Natürlich sind auch die Firmen der Solarindustrie von der Wirtschaftskrise betroffen. Nach einem globalen Wachstum von über 100 Prozent 2008, das durch die vorteilhaften, genauer gesagt: zu hohen Einspeisetarife in Spanien stimuliert worden war, kommt 2009 mit einer im besten Fall konstanten Installation neuer Photovoltaiksysteme. Das Problem sind Großanlagen, die eine Finanzierung erfordern, die in diesem Jahr nur schwer erhältlich ist. Für Deutschland kann festgehalten werden, dass 2009 eine Photovoltaikanlage bei drastisch gesunkenen Preisen – eine private Anlage kann man sich heute für 3500 Euro pro kWp (Kilowattpeak) fertig installieren lassen – und einem Einspeisetarif von 43 Cent pro Kilowattstunde (ct/kWh), mit einer Photovoltaikernte von jährlich 900 bis 1000 Kilowattstunden pro installiertem kWp, eine Rendite von 8 bis 12 Prozent garantiert auf 20 Jahre abwirft. Daher sollte im privaten Bereich die Nachfrage nach derartigen Anlagen eher noch steigen. Der Einspeisetarif wird 2010 voraussichtlich um volle zehn Prozent gesenkt werden, und es ist nicht sicher, dass die Preise für Photovoltaikanlagen noch einmal um einen solchen Prozentsatz abnehmen werden.
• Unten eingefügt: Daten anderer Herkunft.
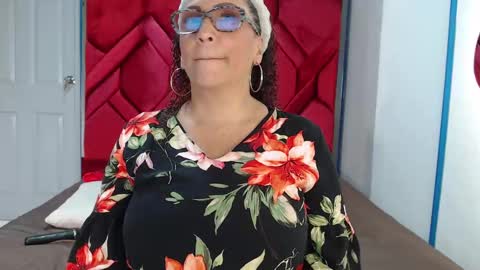 Eva Mills online show from 03-04-25, 04:09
In der letzten Woche brachte die 2008 von Freiburg nach München umgesiedelte Inter-Solar einen Weltrekord mit mehr als 60 000 Besuchern und mehr als 1400 Ausstellern, die über 100 000 Quadratmeter Fläche belegten. Angesichts dieser Zahlen ist es erstaunlich, dass sich weder Kanzlerin noch Wirtschaftsminister auf der Inter-Solar sehen ließen. Dies wird sich in den kommenden Jahren sicher ändern.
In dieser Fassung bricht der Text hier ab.